| Stored data |
= Beginning of Section =

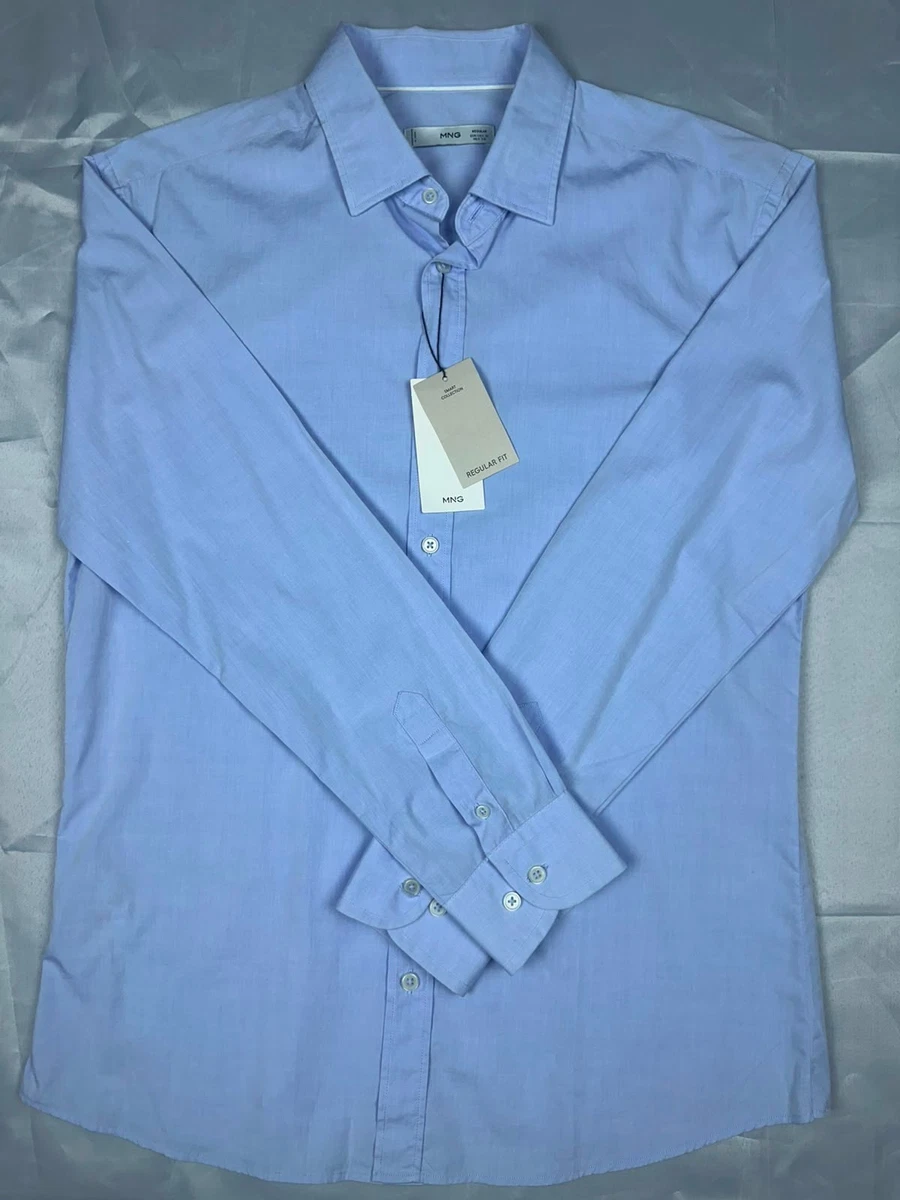 mens dress shirts 19 1 2 neck Mens Dress Shirts Long Sleeves Elastic Formal No Ironing Business Shirts  Tops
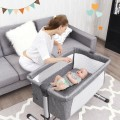 The tilting cot offers parents a chance to sleep closer to their baby without having the baby in their bed.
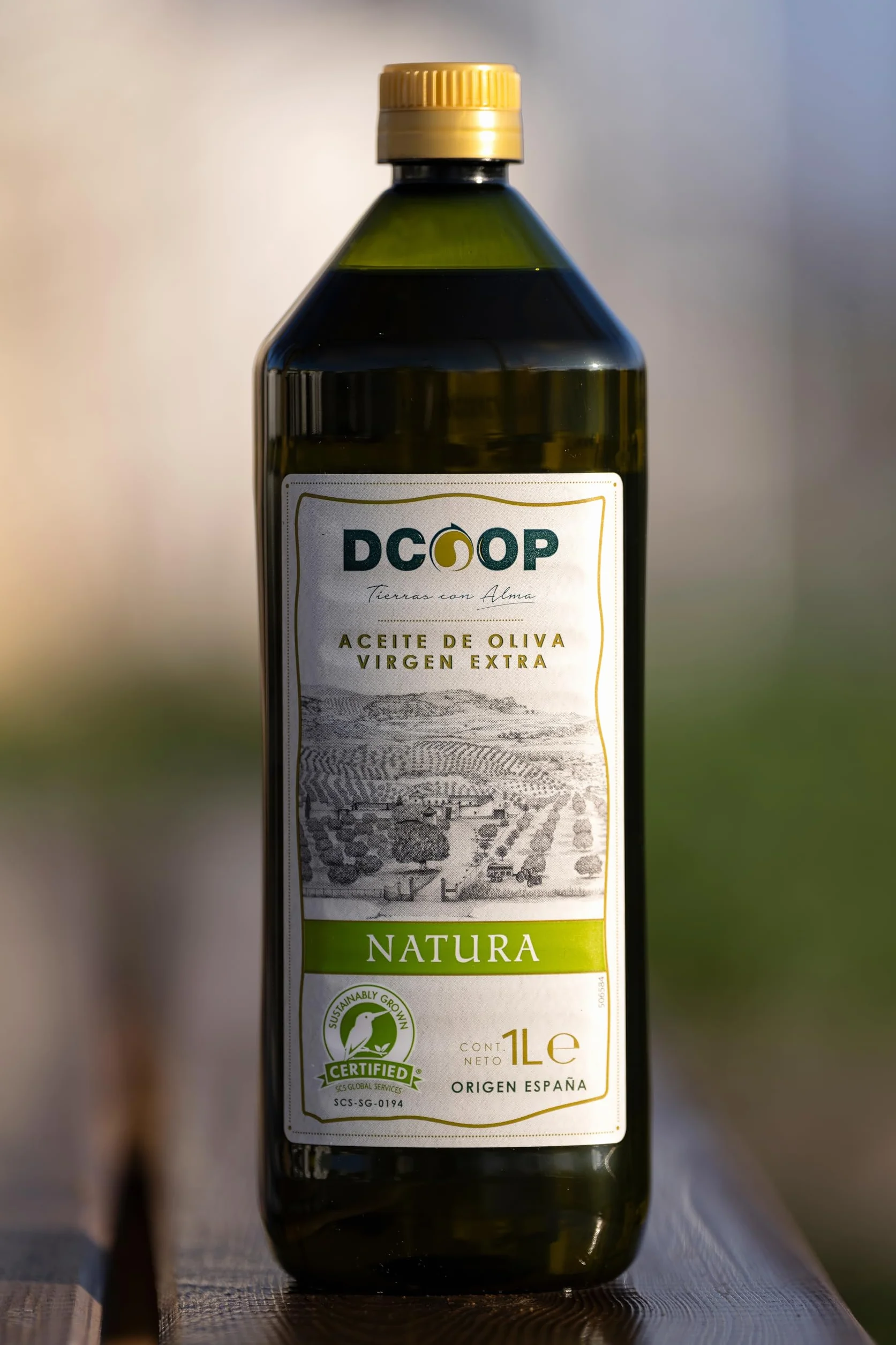 Aceite de Oliva Virgen Extra DCOOP 1 Litro Botella PET
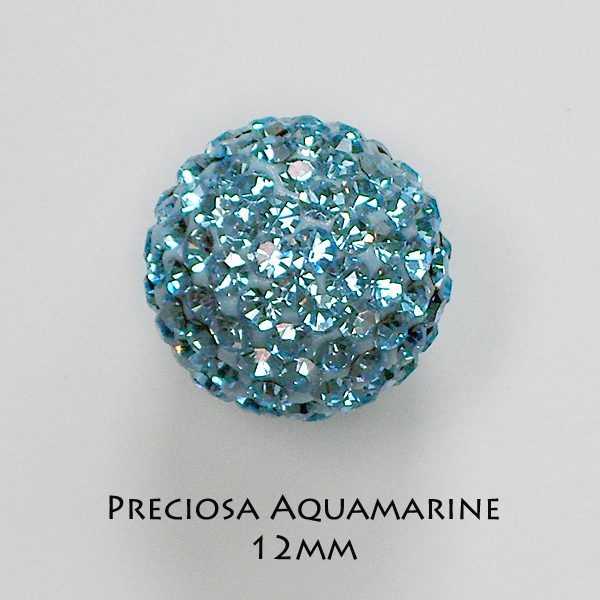 12mm Preciosa Crystal Pave Beads - Click Image to Close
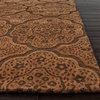 Transitional Moroccan Pattern Beige /Brown Wool/Silk Tufted Rug - BL73, 3.6x5.6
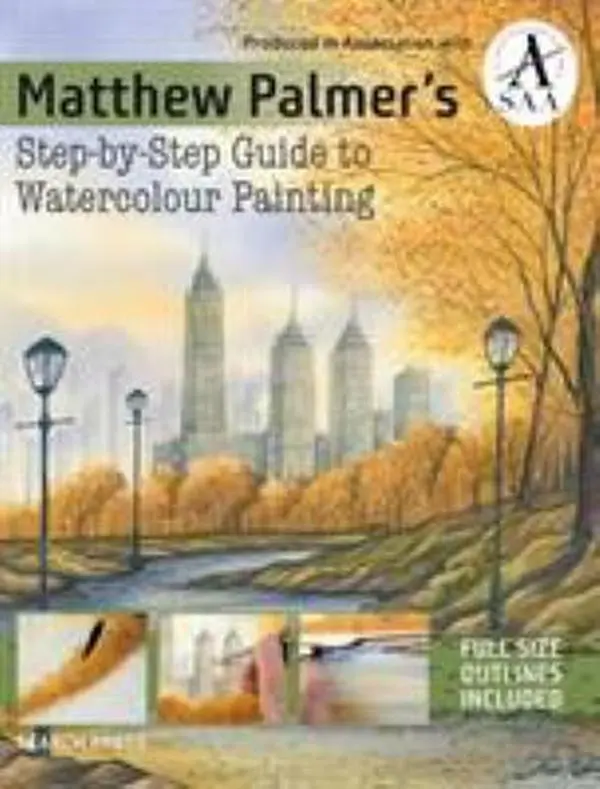 Used Paperback Book - Matthew Palmer's Step-By-Step Watercolor Painting Art Tutorial for Aspiring Artists Looking to Improve Skills (English, Good for Humanities & Social Sciences History & Culture Enthusiasts)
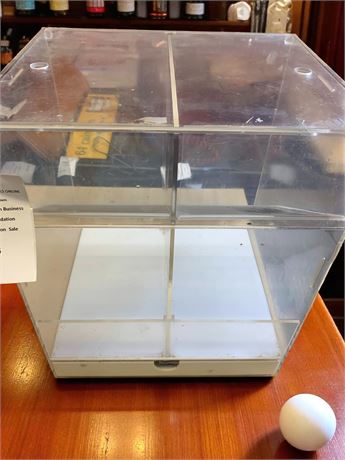 Clear Plastic Bingo Pull Tab Raffle Ticket Case
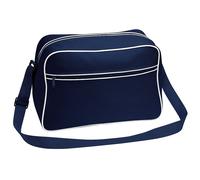 Bagbase Retro Adjustable Shoulder Bag (18 Litres) in Mid Navy Bagbase Mid Navy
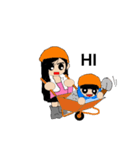 Draw oneself workers chapter（個別スタンプ：6）
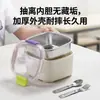 ¡Guau, esta lonchera de acero inoxidable 304 es a prueba de fugas, viene con tapa y es perfecta para que los estudiantes lleven sus comidas a la escuela!. Es un recipiente para almuerzo sellado y a prueba de fugas para los almuerzos escolares.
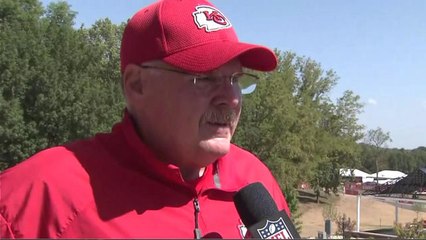 Reid on Mahomes: There'll be hiccups, but 'he'll have to keep firing'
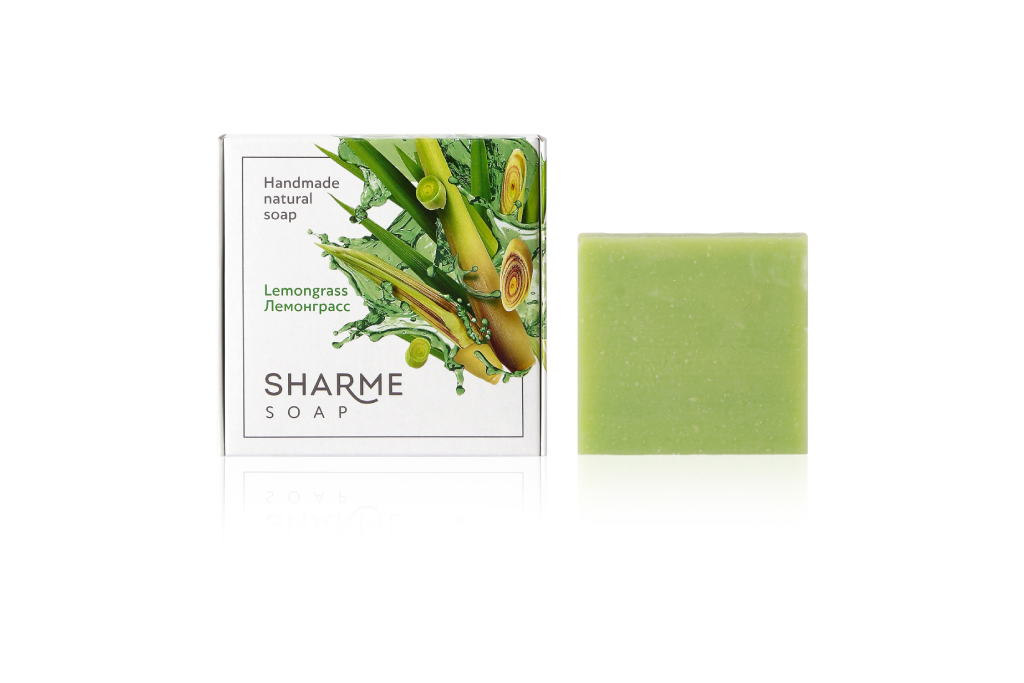 Мыло SHARME SOAP Лемонграсс, 80 г :: Sharme Soap :: Продукты :: Greenway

= End of Section =

| Problem requirements |
Please give back exactly, and with no pictures, the lines from where the listing above begins through the line containing "los almuerzos escolares.".

| Solution for this task |
 mens dress shirts 19 1 2 neck Mens Dress Shirts Long Sleeves Elastic Formal No Ironing Business Shirts  Tops
 The tilting cot offers parents a chance to sleep closer to their baby without having the baby in their bed.
 Aceite de Oliva Virgen Extra DCOOP 1 Litro Botella PET
 12mm Preciosa Crystal Pave Beads - Click Image to Close
 Transitional Moroccan Pattern Beige /Brown Wool/Silk Tufted Rug - BL73, 3.6x5.6
 Used Paperback Book - Matthew Palmer's Step-By-Step Watercolor Painting Art Tutorial for Aspiring Artists Looking to Improve Skills (English, Good for Humanities & Social Sciences History & Culture Enthusiasts)
 Clear Plastic Bingo Pull Tab Raffle Ticket Case
 Bagbase Retro Adjustable Shoulder Bag (18 Litres) in Mid Navy Bagbase Mid Navy
 Draw oneself workers chapter（個別スタンプ：6）
 ¡Guau, esta lonchera de acero inoxidable 304 es a prueba de fugas, viene con tapa y es perfecta para que los estudiantes lleven sus comidas a la escuela!. Es un recipiente para almuerzo sellado y a prueba de fugas para los almuerzos escolares.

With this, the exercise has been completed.